Why do we use the zero vector for computing eigenvectors?

Question

While computing the eigenvectors, we use the zero determinant. I know what it states for. However, I can't understand why we do need to have a zero vector, which is stated in the definition of eigenvectors. Is it because eigenvectors always stay on the same line, as a zero vector in this case does?

Answer 1

As I understand it, you want to know the origins of the equation $$ (A-\lambda I)v = 0 $$ where $A$ is a matrix, $v$ is an eigenvector of $A$ and $\lambda$ is an eigenvalue.

The fact of the matter is that this is a quite opaque expression. It has lost a lot of resemblance to the original intent because it has been heavily manipulated algebraically.

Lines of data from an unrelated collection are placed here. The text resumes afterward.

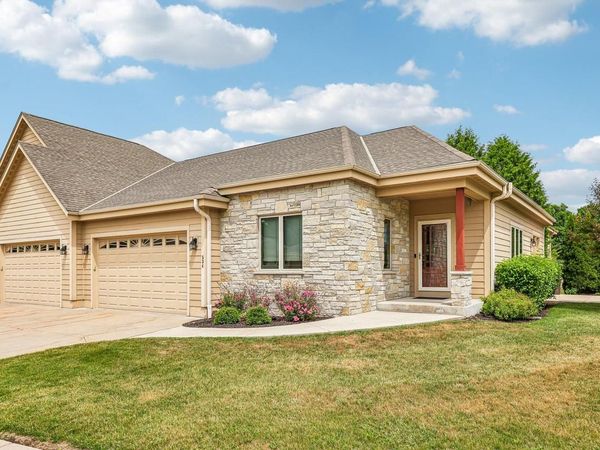 534 Garden Prairie DRIVE, Unit 7, Waukesha, WI 53186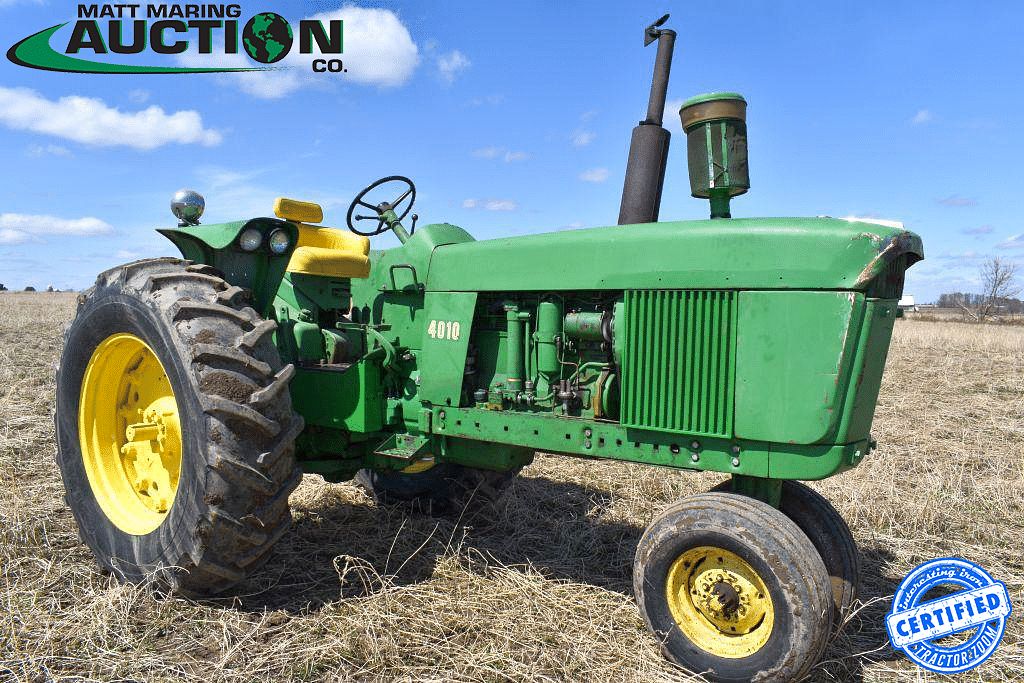 John Deere New Generation tractor at a Matt Maring auction in Wisconsin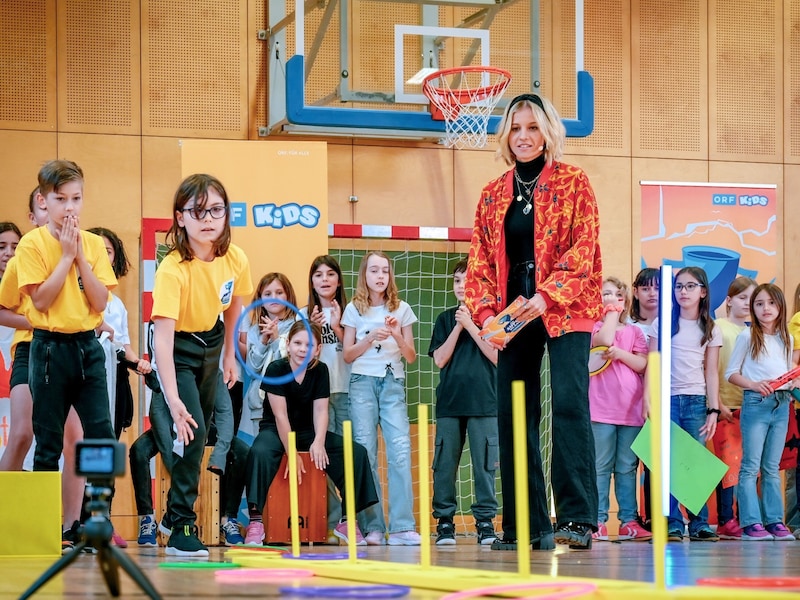 Eine Aufgabe war Zielwerfen. Auch beim Schätzspiel lagen die Nerven blank. (Bild: ORF/Thomas Jantzen)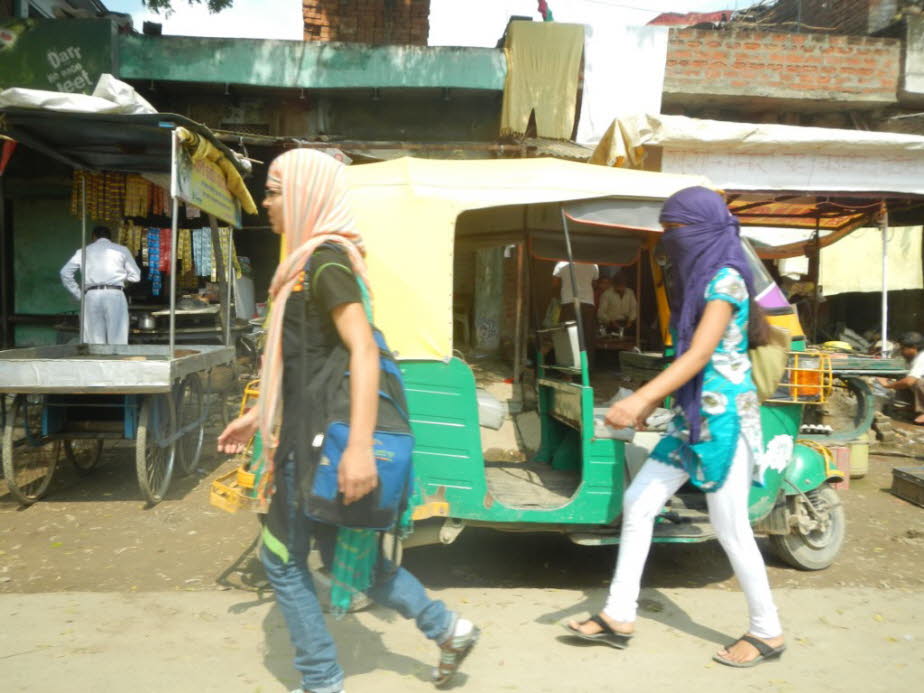 Straße in der Altstadt von Varanasi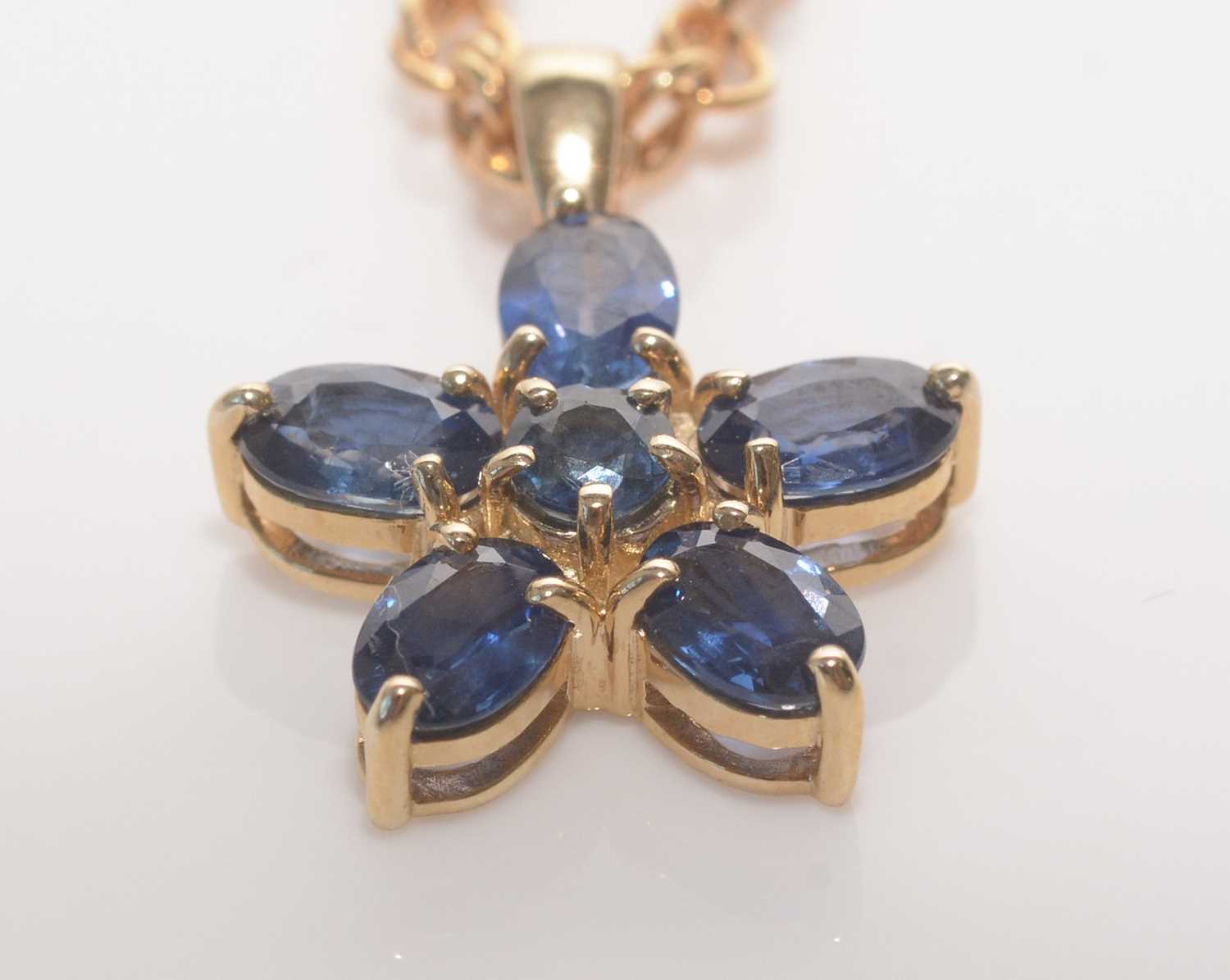 Kanchanaburi sapphire pendant. - Bild 2 aus 5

The actual equation you want to solve (i.e. find both $\lambda$ and $v$ which work) is $$ Av = \lambda v $$ That's what "$v$ is an eigenvector of $A$" means. This is the actual equation you must understand in order to work with eigenvectors and eigenvalues. However, when it comes to finding eigenvectors and eigenvalues, it's not the best one, as $\lambda$ and $v$ "interfere" with one another; you can't really solve for just one of them. We manipulate it to $$ Av = \lambda v\\ Av - \lambda v = 0\\ (A - \lambda I)v = 0 $$ (where that $I$ pops out of "nowhere" in order for the subtraction to make sense). After this manipulation, we see that the matrix $(A-\lambda I)$ has a non-trivial kernel: $v$ is contained in it. And any matrix with non-trivial kernel must have zero determinant. This allows us to find $\lambda$ before we even start looking for $v$, which makes things simpler.